Using the Correlates of War Militarized Interstate Dispute database—a compilation of conflicts in which one or more states threatened, displayed, or used force against one or more other states between 1816 and 2012—Braumoeller found that while instances of conflict experienced peaks and troughs throughout history, the total number held largely steady from the end of the 18th century up until World War.
Following World War I, that number began to grow, but largely because of the explosion of newly independent former colonies.
“The opportunity for countries to fight has changed quite dramatically over the course of the past two centuries,” said Braumoeller. “As empires have broken apart, and as new countries have been created, on average countries are getting smaller, weaker, and further apart.”

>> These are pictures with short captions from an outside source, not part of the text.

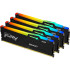Память оперативная Kingston FURY Beast KF556C40BBAK4-128
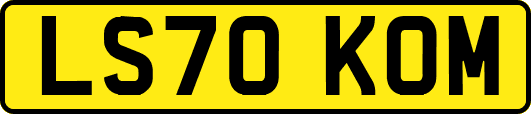 LS70KOM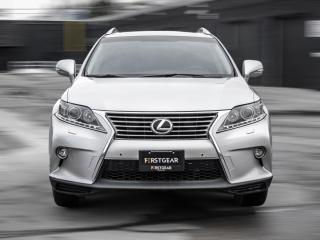 Used 2015 Lexus RX 350 SPORT DESIGN I AWD I LOADED I NAV I NO ACCIDENT for sale in Toronto, ON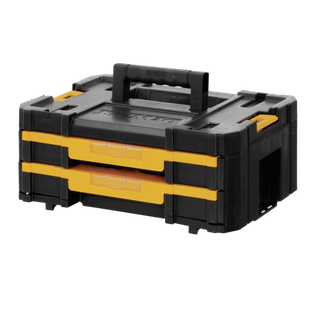 DeWalt TSTAK Two Drawer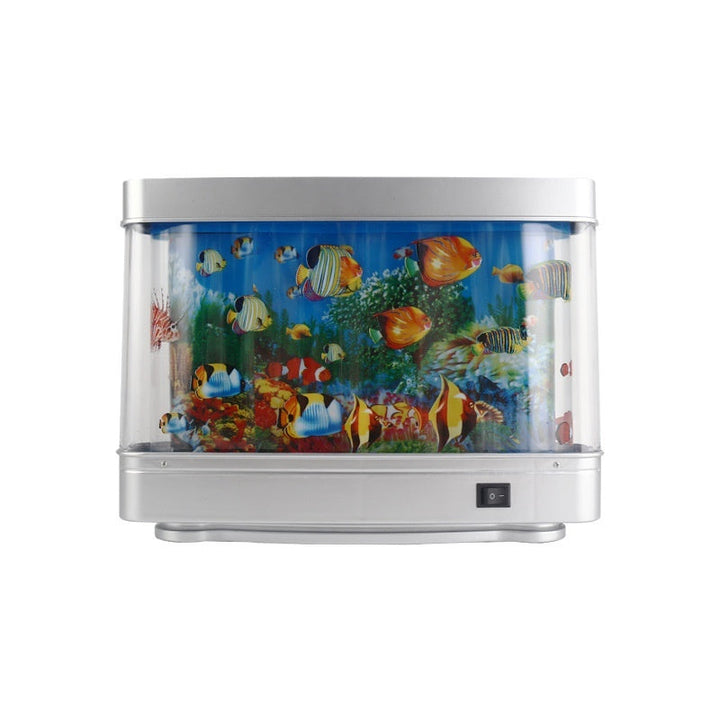 Skanto Fish Lampe for Hjemmedekor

And these small, weak states have much less geographic opportunity and political reason to engage in war.
While the United States, with its globe-spanning military capabilities, may choose to intervene when its Middle Eastern interests are threatened by a civil war in Syria, very few other countries have that sort of geopolitical reach.
Take Uruguay. Realistically, it can only go to war with Argentina or Brazil since its modest military, minimal economic clout, and geographic location make it unlikely even to invade Paraguay anytime soon, much less Iran.
Put differently, war is predicated on a state having the opportunity, might, and impetus to make war. A large country, with many neighbors, global interests, and opportunities for grievance, will have more chances and reasons to engage in war.
When controlling for these variables—geographic opportunity and political relevance—Braumoeller finds that states are just as likely to act aggressively.
“I found that the willingness of states to fight one another really doesn’t change very much at all,” he said. “It’s gone up in some periods and down in others, in a sort of cyclical trend. We see warlike periods—19th century, early 20th century, and the cold war—but there is no clear trend in one direction or another.”
All Military Interventions Created Equal?
Pinker, responding to questions via email, took issue with many of Braumoeller’s arguments. He said that measuring all instances of conflict, without distinguishing between major wars and minor skirmishes, conflates “trivial shots across the bow” with wars that kill significant numbers of people.
While Braumoeller refers to each instance as a “roll of the dice” with the potential to escalate into a larger war, Pinker argues that all interventions are not the same: there is far less escalation risk in firing cruise missiles into Sudan, as the U.S. did in 1998, than in invading Iraq, as the U.S. did in 2003.
Pinker also says that Braumoeller fails to take into account the conscious choice by many states over the last half century to conscientiously degrade their ability to make war—by cutting back on conscription and war expenditures as a percentage of GDP. If countries were just as likely to go to war as they use to, they would have no incentive to undertake such reductions.
While neither theory claims to be predictive when it comes to individual cases, to Pinker the recent debate over whether to attack Syria may point to a restraining effect international and humanitarian norms have had in reducing conflict.
The debate about Syria, Pinker said, “shows that great powers like the UK and the U.S. are very skittish about getting into wars.”